Of the estimated 33 million people living with HIV/AIDS worldwide, 16 million are women, and infection rates are increasing in women even as the epidemic stabilises globally.1 The countries with the highest rates of HIV also have low rates of contraception use and thus high rates of unintended pregnancy.2 Improving family planning services in these countries has been a key public health goal, as preventing unintended pregnancy reduces maternal and child mortality, reduces rates of mother-to-child (vertical) transmission of HIV, reduces poverty and improves educational and gender equity.
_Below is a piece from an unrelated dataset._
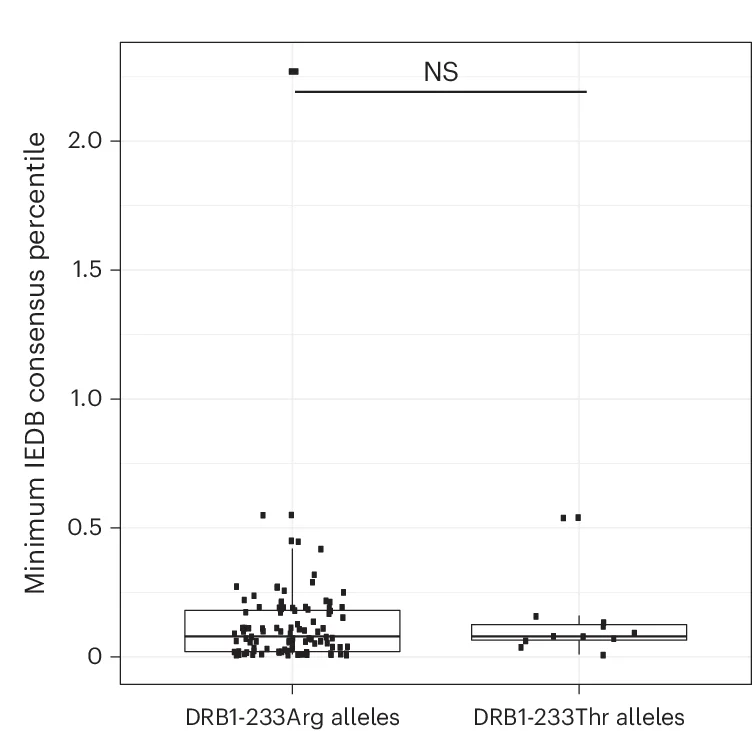 Open access visualization of Box Plot, Scatter Plot, PT-Derived Peptides, HLA-DRB1 Alleles, Immune Epitope Database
Until recently, researchers and policymakers have often overlooked the impact of pregnancy on HIV prevention research and practice. Due to a number of biological and socioeconomic factors, current HIV prevention tools – abstinence, male or female condoms, male circumcision and monogamy – are inaccessible to many women. At-risk women are also those most likely to become pregnant, and pregnancy may increase risk for infection and transmission to their partners.3 Thus it is essential to develop new HIV prevention methods that these women can use. Unfortunately, current regulations require that women who become pregnant during trials of vaccines, microbicides or pre-exposure prophylaxis – promising new HIV prevention tools – discontinue use of the investigational agent or withdraw from the study. High rates of pregnancy among study participants also threaten the validity of HIV prevention studies by reducing their power to detect modest effects on HIV transmission.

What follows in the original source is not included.